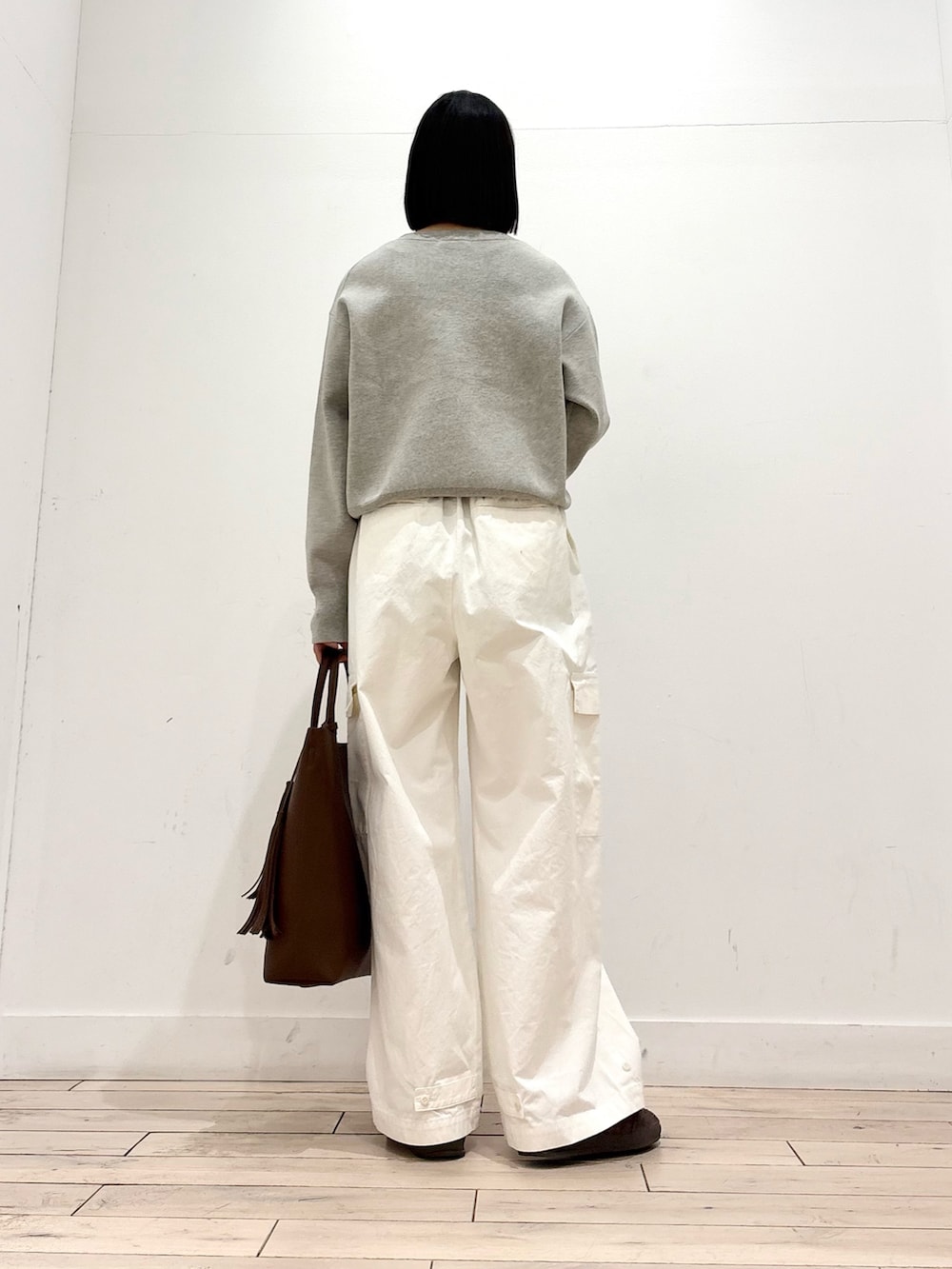 ベージュ系のニット/セーター、ベージュ系のトレンチコート、ブラウン系のトートバッグを着用したレディースの冬コーディネートの7枚目の写真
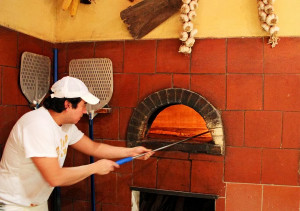 Taking out the pizza very gently from the wood fired brick oven.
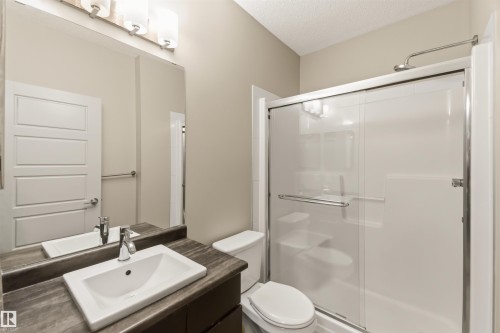 Integrated vanity with a rectangular basin sink, chrome faucet, and storage cabinetry - #414 5510 Schonsee Dr Nw, Edmonton, AB - Indoor Photo Showing Bathroom
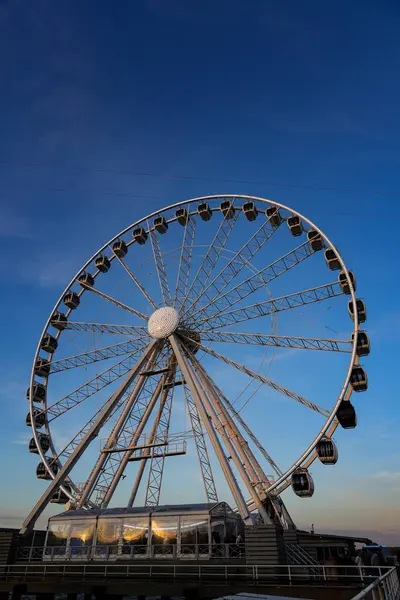 Hollanda, Lahey 'de günbatımında dönme dolabın manzarası. Altın saat ışığı sıcak ve atmosferik bir sahne yaratır. Renkli gökyüzüne karşı tekerleğin siluetini vurgular.. 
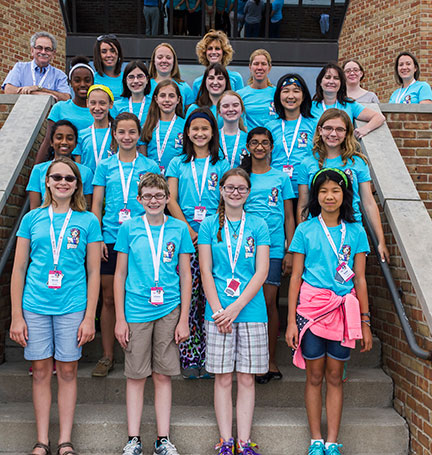 Past YWSI class standing at the entrance of OSC.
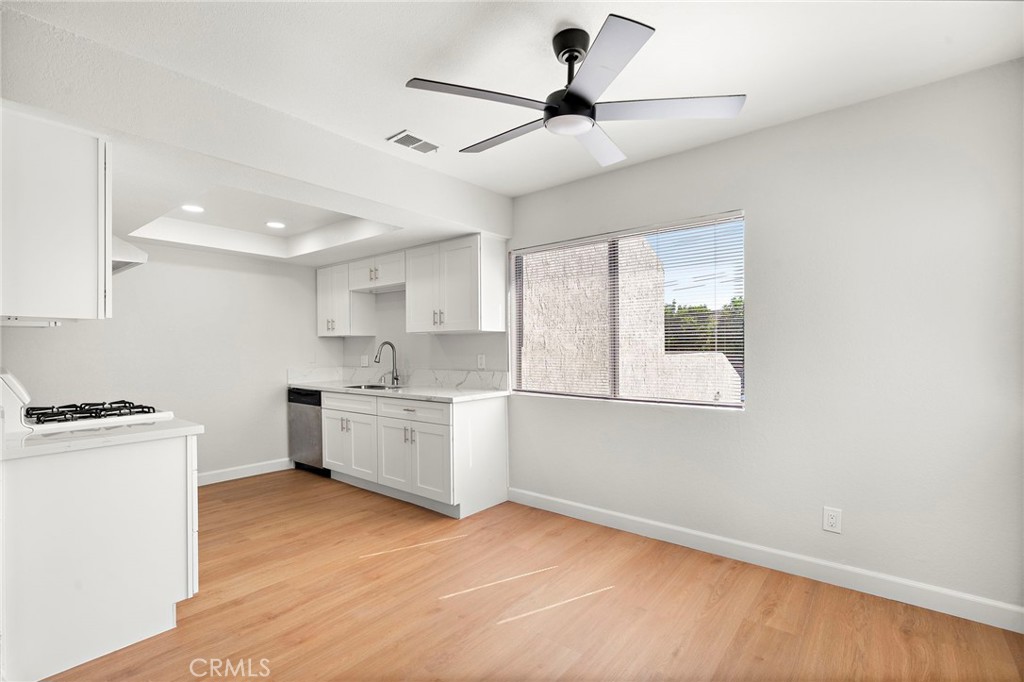 A ceiling fan anchors the dining area beside the remodeled kitchen and its convenient breakfast counter. - 9941 11th Street, Garden Grove CA 92844 - photo 12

..............................

*Problem requirements*
Exact lines only, please. Repeat everything from the top of the records through the line containing "Integrated vanity with", both ends in and pictures out.

*Answer to this problem*
 ベージュ系のニット/セーター、ベージュ系のトレンチコート、ブラウン系のトートバッグを着用したレディースの冬コーディネートの7枚目の写真
 Taking out the pizza very gently from the wood fired brick oven.
 Integrated vanity with a rectangular basin sink, chrome faucet, and storage cabinetry - #414 5510 Schonsee Dr Nw, Edmonton, AB - Indoor Photo Showing Bathroom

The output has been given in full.